- '0' as padding might be dominating. At the moment I created a zero embedding for this entry.
- You can continue testing with python test2.py
- DB encoding results in a suspiciously regular matrix. Investigate that.
- Check why the dbr linking of "angelina jolie" works so bad.
- When printing the encoding of that mention, I find very small floating values. Possibly due to:
- A strong regularization,
- The activation function (tanh),
- A flawed loss function.
- When the pipeline is completed, return to the entity linker for further refinements. E.g.:
- Create an evaluation method for the linker. For example, use all keywords from SQA and all URIs, and measure the coverage@10 from all keywords.
- Siamese network for similarity measurements using "Learning to Rank" techniques.

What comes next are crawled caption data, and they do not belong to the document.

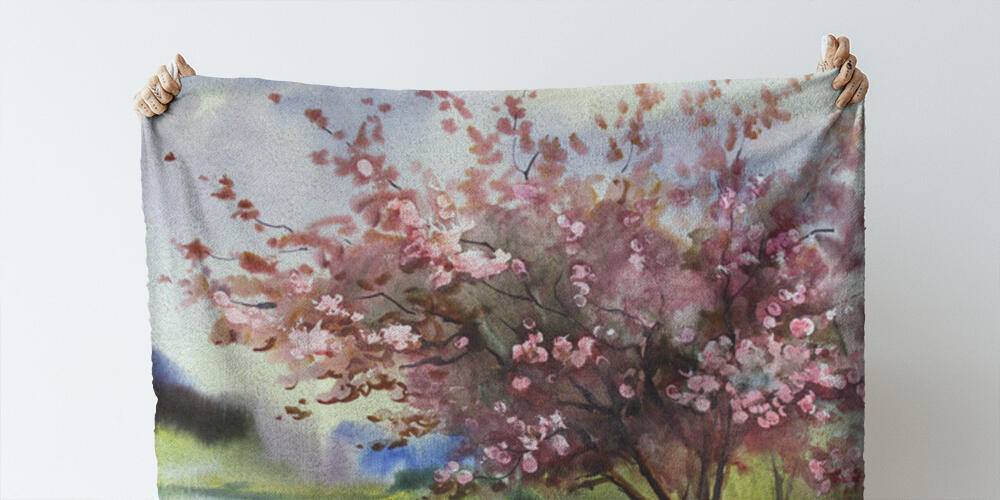 Watercolor painting landscape with blooming spring tree with flowers, 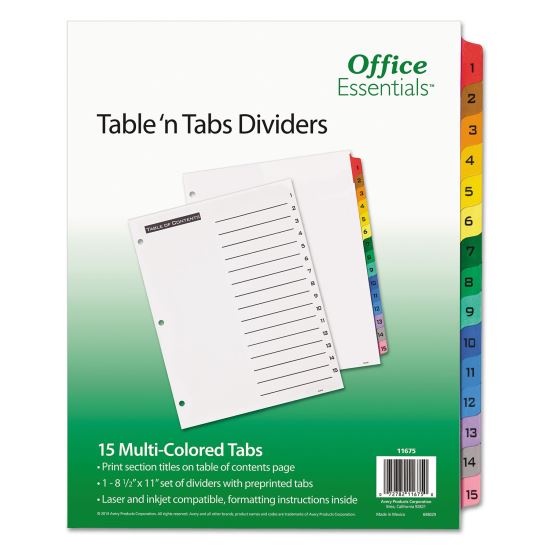 Table 'n Tabs Dividers, 15-Tab, 1 to 15, 11 x 8.5, White, 1 Set1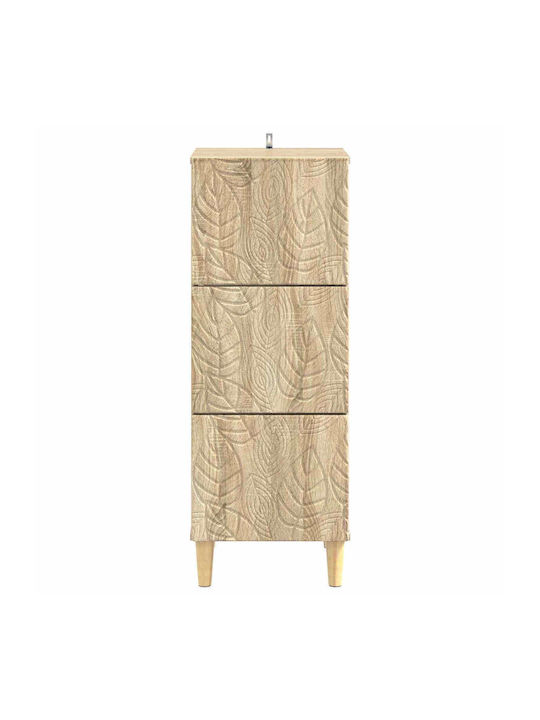 Wooden Storage Drawers with 3 Drawers L33xW34.5xH90cm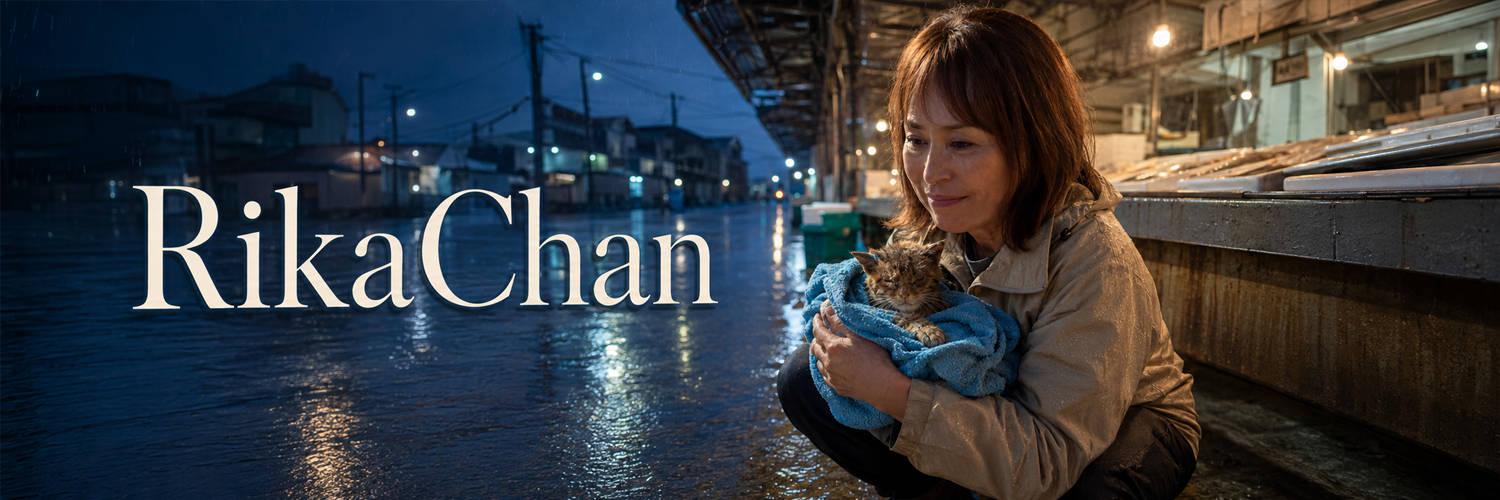 Rika-chan banner: Atsuko Sato holding Rika-chan wrapped in a blue towel at the harbour market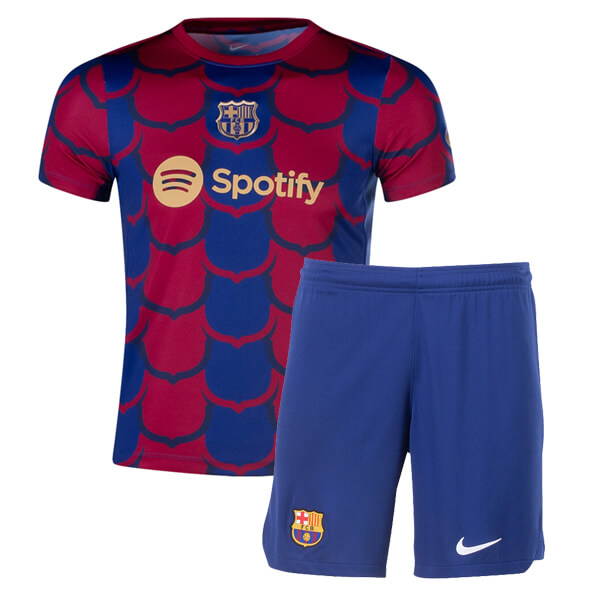 Barcelona Pre Match Training Kids Football Kit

- Write grammar for SQA challenge according to (their templates)[https://github.com/AskNowQA/LC-QuAD/blob/develop/templates.py]:
- It needs to be refined to include queries of the type
?x0 rdf:type Class
.
- It needs to be refined to include queries of the type
- Improve sampling for linking routines:
- We can create meaningful data augmentation by corrupting labels in a natural way (e.g. misspellings, shortening, cropping, etc.).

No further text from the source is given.